Septic arthritis (SA) is a medical emergency which has a mortality rate of 11% [1]. The treatment for SA involves irrigation and debridement (I&D) via arthroscopy or open arthrotomy to remove the microbial burden and any debris, combined with culture-specific antibiotics. A delay in diagnosis causes a delay in treatment, which leads to serious complications such as osteonecrosis and joint degradation [2]. There is controversy whether I&D should be performed arthroscopically or via open arthrotomy.
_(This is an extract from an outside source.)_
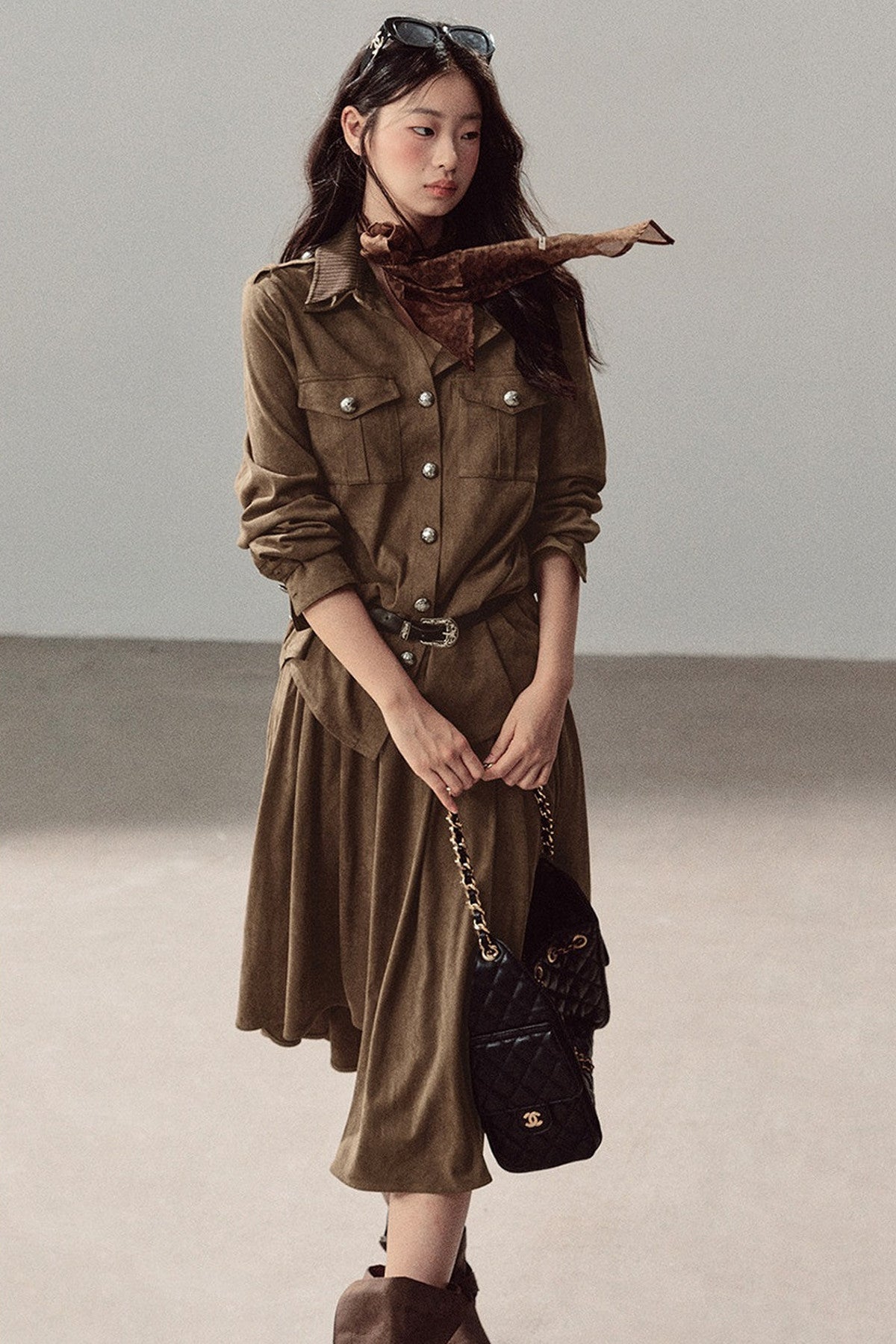 Ensemble manteau et jupe Murmures de feuilles tombées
Whilst Bovonratwet et al. detected no significant differences in minor adverse events and serious adverse events between the two treatment modalities [3], a therapeutic study over a 15-year time span concluded that arthroscopic treatment resulted in fewer I&D procedures and a higher cumulative success rate [4]. Further small-scale retrospective studies have concluded that arthroscopic treatment results in better functional outcomes [5, 6]. Local guidelines at the authors’ home institution suggest arthroscopic treatment as the first-line management for SA patients, in addition to culture-specific antibiotics.
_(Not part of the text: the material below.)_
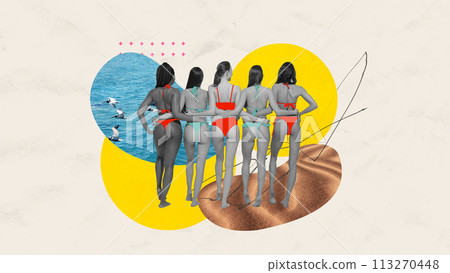 Contemporary art collage. Abstract artwork. Back view of beautiful slender tanned girls in swimsuits, bikinis on beach. Contemporary art collage. Abstract artwork. Back view of beautiful slender tanned girls in swimsuits, bikinis on beach. 113270448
The high morbidity and mortality rates of SA warrant an assessment of risk factors, which would facilitate clinicians in making a timely diagnosis. An important outcome is whether or not a patient needs repeated I&D treatment. Knowing the risk factors for an unplanned return to the operating theatre could allow clinicians to identify high-risk patients and optimize modifiable risk factors before treatment. We therefore studied the risk factors for septic arthritis in patients with the common presenting complaint of a hot, swollen joint, as well as the risk factors for repeat arthroscopic I&D. We hypothesized that covariates which directly or indirectly contributed to a larger infection burden would be associated with the development of SA and the need for repeat arthroscopic I&D.


Patient selection

Institutional board approval was received with the following project number: PRN10244. This retrospective study was performed according to the STROBE guidelines [7] (Supplementary Table 1). The inclusion criteria were all patients aged 18 years or older presenting to the emergency department, orthopaedic and rheumatology clinics at our major trauma centre between January 2018 and January 2020 with a hot, swollen joint. Patients were identified utilizing diagnostic coding provided by our institution’s electronic patient medical record system (ICD-10 codes). All patients’ diagnoses were confirmed by two rheumatologists or experienced orthopaedic surgeons, especially since joint swelling can be hard to define in the clinical setting in certain joints like the hip and shoulder.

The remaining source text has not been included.